- TASK TO COMPLETE: Starting with the line that contains "X0000091490676200708231422" and ending with the last line of the listing, print each line exactly. Pictures stay out.

*** Opening PROVIDED ENTRIES ***

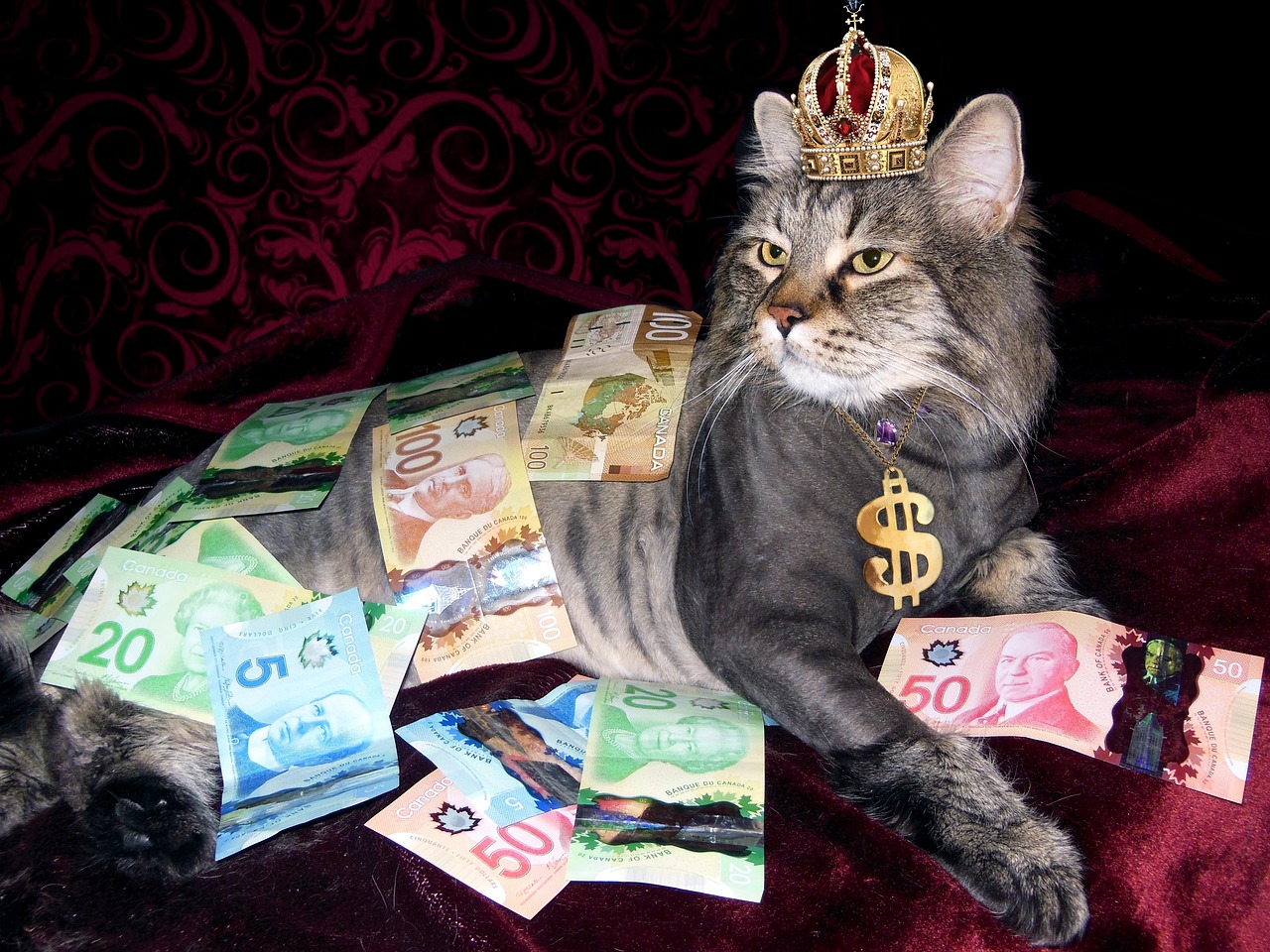 A cat surrounded with money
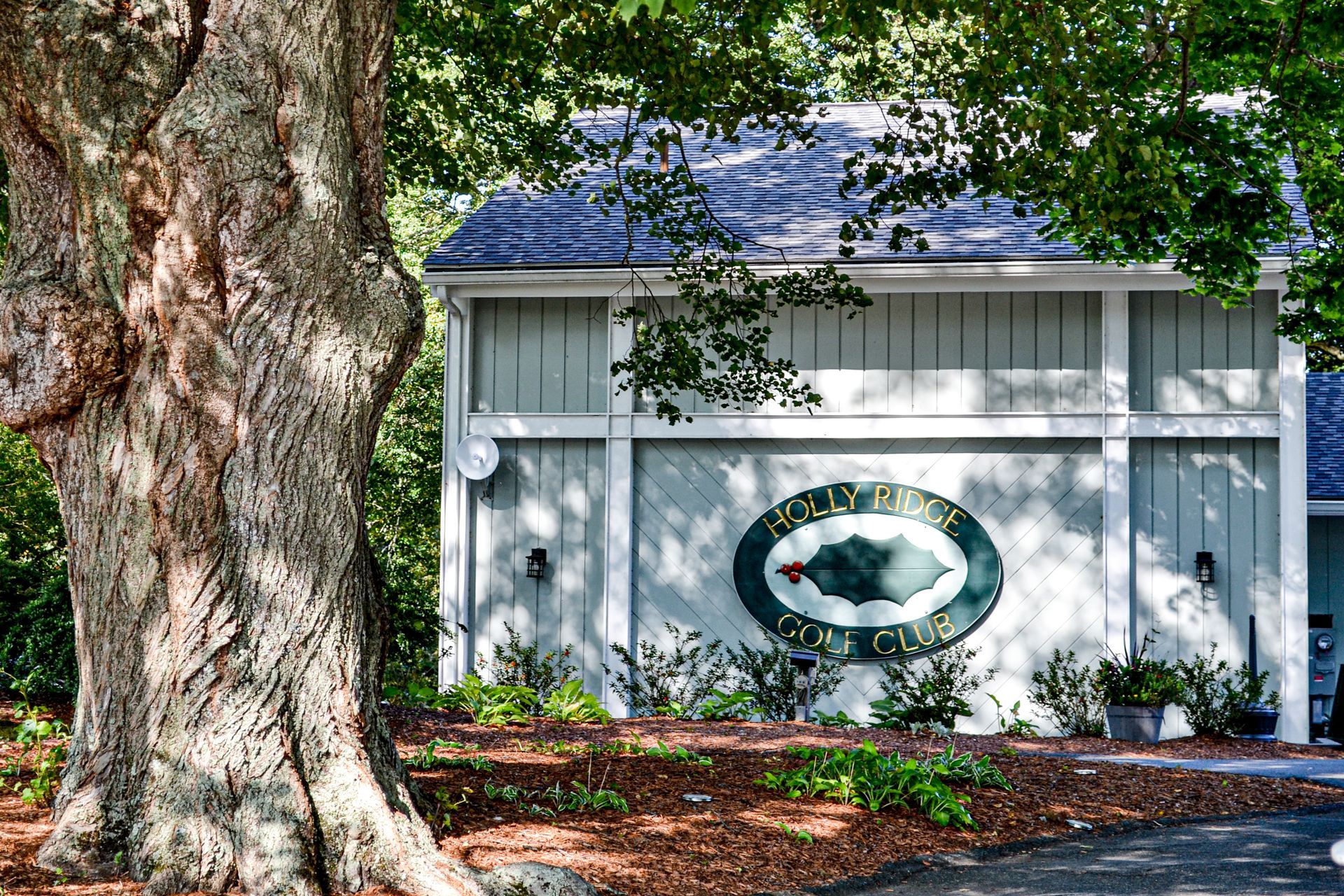 A white house with a blue roof and a large tree in front of it.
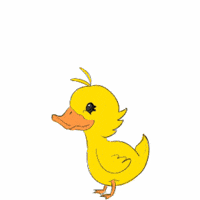 Surpriseeeee GIF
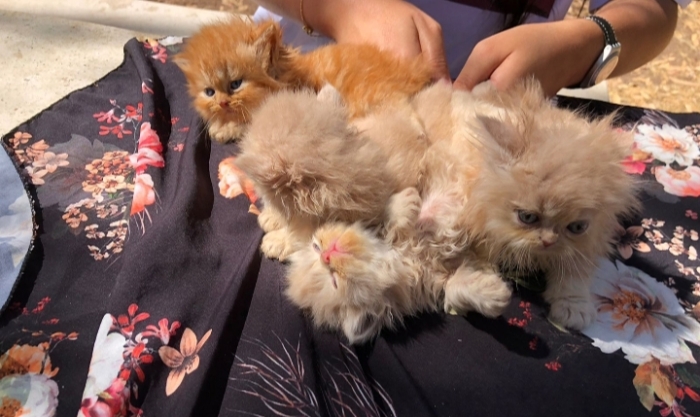 4 chaton persan pur race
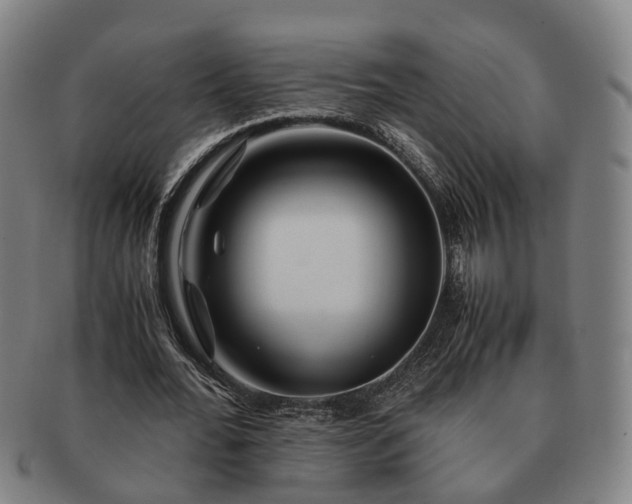 X0000091490676200708231422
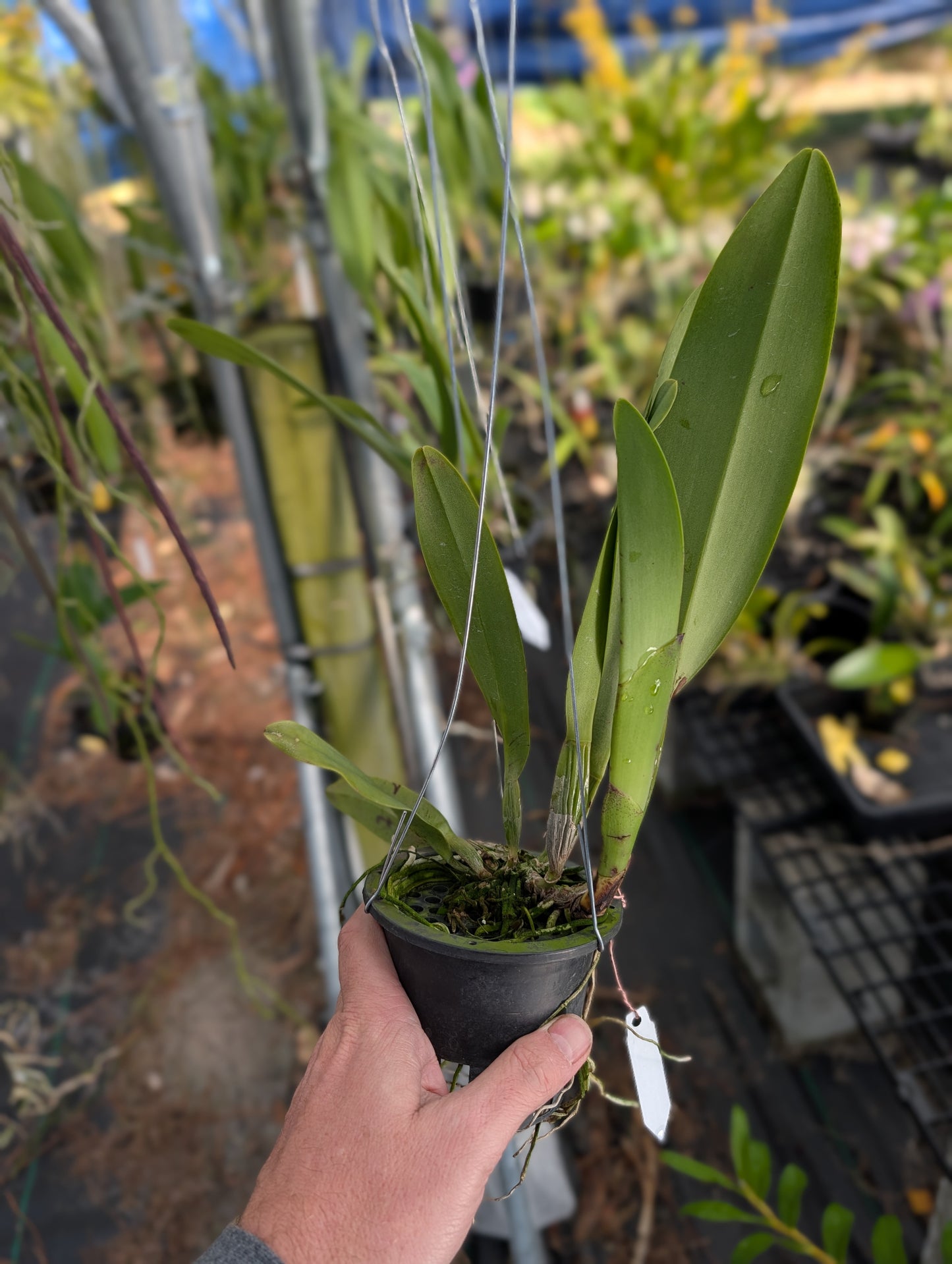 Rhyncholaeliocattleya Mishima Choice 'Blumen Insel' | BS Not in Bloom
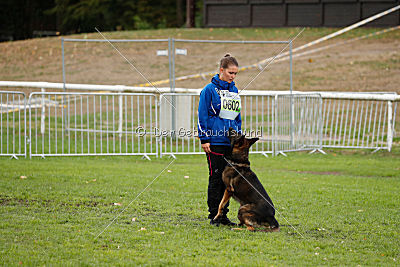 Sid vom Team bösen Bruderblick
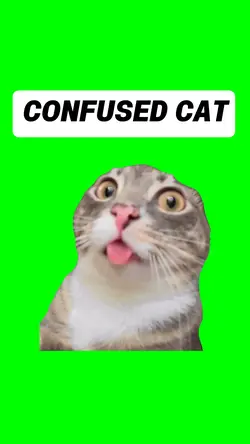 CONFUSED CAT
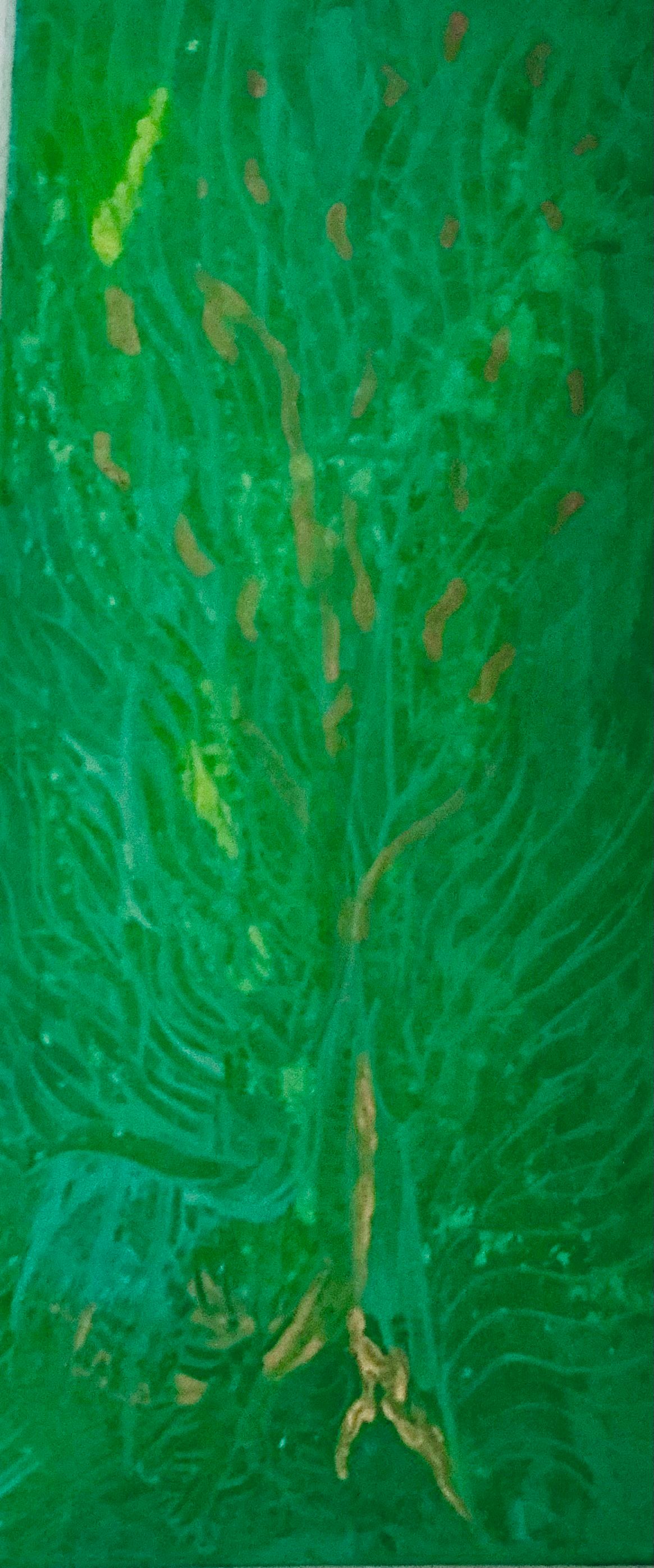 Semences d’étoiles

*** Closing PROVIDED ENTRIES ***

- TASK ANSWER:
 X0000091490676200708231422
 Rhyncholaeliocattleya Mishima Choice 'Blumen Insel' | BS Not in Bloom
 Sid vom Team bösen Bruderblick
 CONFUSED CAT
 Semences d’étoiles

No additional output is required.